Conclusion: This subjective analysis suggests that leveraging large language models to generate responses to patient messages demonstrates significant potential in facilitating communication between patients and healthcare providers.

Abstract Image

查看原文

微信好友朋友圈 QQ好友复制链接

本刊更多论文

利用大型语言模型生成对患者信息的回复--主观分析。

目的：本研究旨在开发和评估微调大语言模型的性能，以生成通过电子健康记录患者门户网站发送的患者信息回复：本研究旨在开发和评估微调大语言模型的性能，以生成对通过电子健康记录患者门户网站发送的患者信息的回复：利用从一家大型学术医疗中心的患者门户网站提取的信息和回复数据集，我们开发了一个基于预训练大语言模型（LLaMA-65B）的模型（CLAIR-Short）。

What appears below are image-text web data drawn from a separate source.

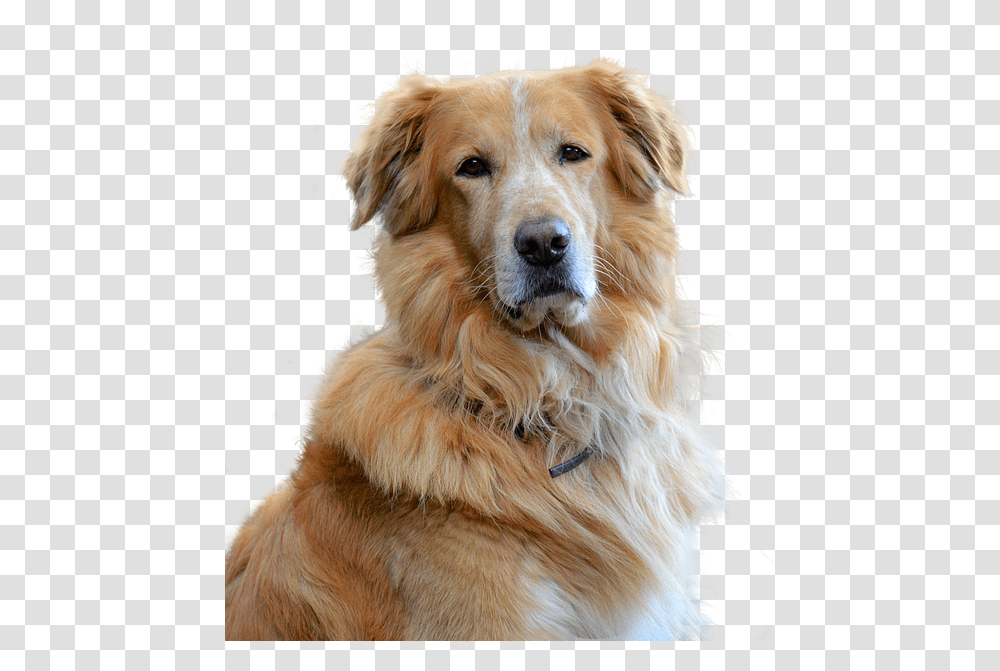 Old Golden Retriever, Dog, Pet, Canine, Animal Transparent Png
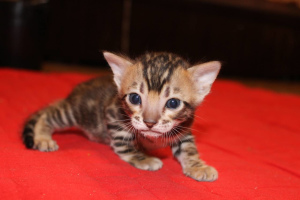 Photo №4. I will sell bengal cat in the city of Minsk. private announcement, from nursery, breeder - price - 400$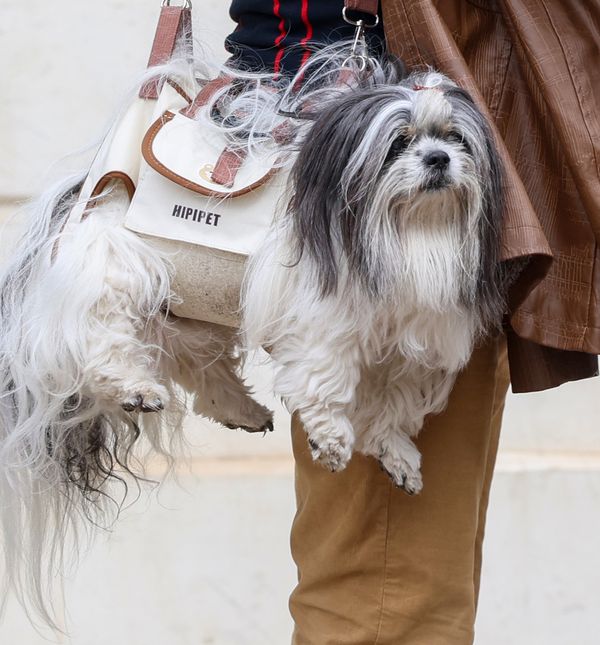 Muškarac iz centra Zagreba nosi psa kao torbicu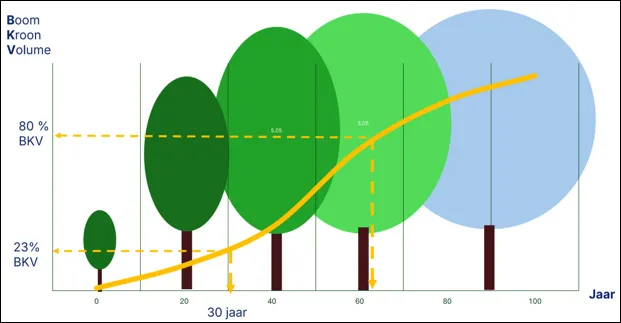 Diagram illustrating tree crown volume development over time.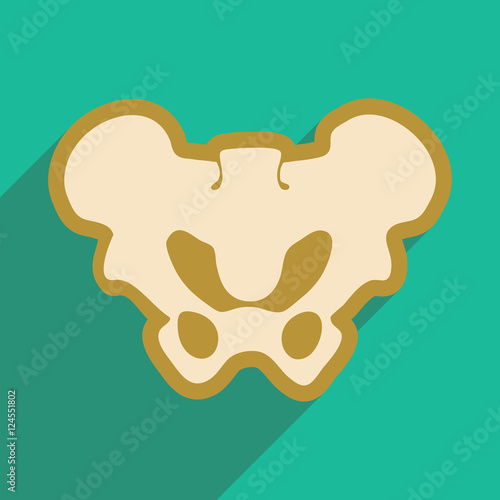 flat icon with long shadow human pelvis 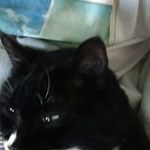 Bruce Salisbury - @bruce.salisbury - Instagram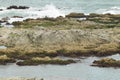 Seals On Ondulating Rocks On The Kaikoura Peninsula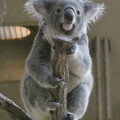 写真: ユーカリの木に登るコアラ - 4
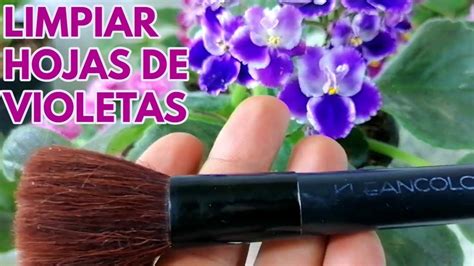 Violetas Africanas Como Limpiar Las Hojas Chuyito Jardinero YouTube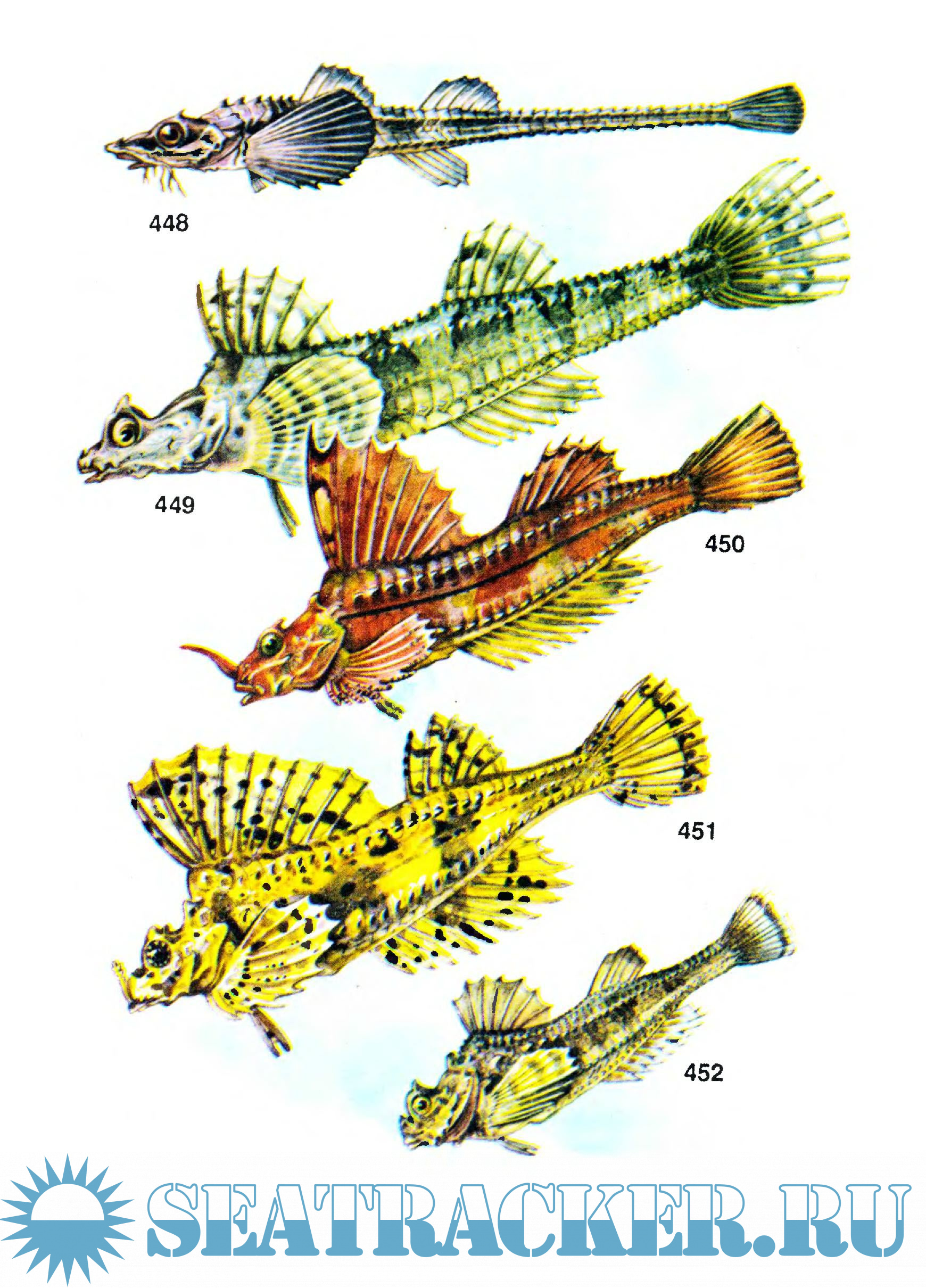 Атлас-определитель рыб - Н.А. Мягков [1994, PDF] › Marine Tracker
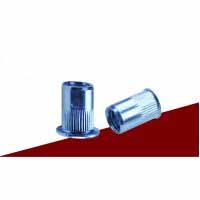 Insert Nut AVK Series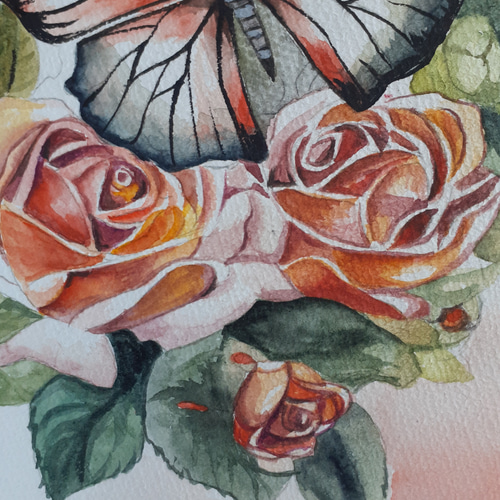 水彩画 蝶とバラの花 絵画 makochin 通販 16433197｜Creema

此外，我们还使用 OpenAI API 将开源数据集中的医生回复更新为包含信息段落的格式，在强调同理心和专业性的同时提供患者教育。结合这一数据集，我们进一步微调了我们的模型（CLAIR-Long）。为了评估微调后的模型，我们使用了 10 个具有代表性的初级保健患者门户问题来生成回复。我们请初级保健医生审查从我们的模型和 ChatGPT 生成的回复，并对其共鸣性、响应性、准确性和实用性进行评分：数据集包括来自患者门户网站的 499 794 对患者信息和相应回复，以及来自在线平台的 5000 条患者信息和 ChatGPT 更新回复。四名初级保健医生参与了调查。CLAIR-Short 显示了生成与提供者回复类似的简明回复的能力。与 CLAIR-Short 相比，CLAIR-Long 回复提供了更多的患者教育内容，其评价与 ChatGPT 的回复类似，在响应性、同理心和准确性方面获得了积极评价，而在实用性方面则获得了中性评价：这项主观分析表明，利用大型语言模型生成对患者信息的回复在促进患者与医疗服务提供者之间的沟通方面具有巨大潜力。

本文章由计算机程序翻译，如有差异，请以英文原文为准。

求助全文

约1分钟内获得全文去求助

来源期刊

Journal of the American Medical Informatics Association 医学-计算机：跨学科应用

CiteScore

14.50

自引率

7.80%

发文量

230

审稿时长

3-8 weeks

期刊介绍： JAMIA is AMIA''s premier peer-reviewed journal for biomedical and health informatics. Covering the full spectrum of activities in the field, JAMIA includes informatics articles in the areas of clinical care, clinical research, translational science, implementation science, imaging, education, consumer health, public health, and policy. JAMIA''s articles describe innovative informatics research and systems that help to advance biomedical science and to promote health. Case reports, perspectives and reviews also help readers stay connected with the most important informatics developments in implementation, policy and education.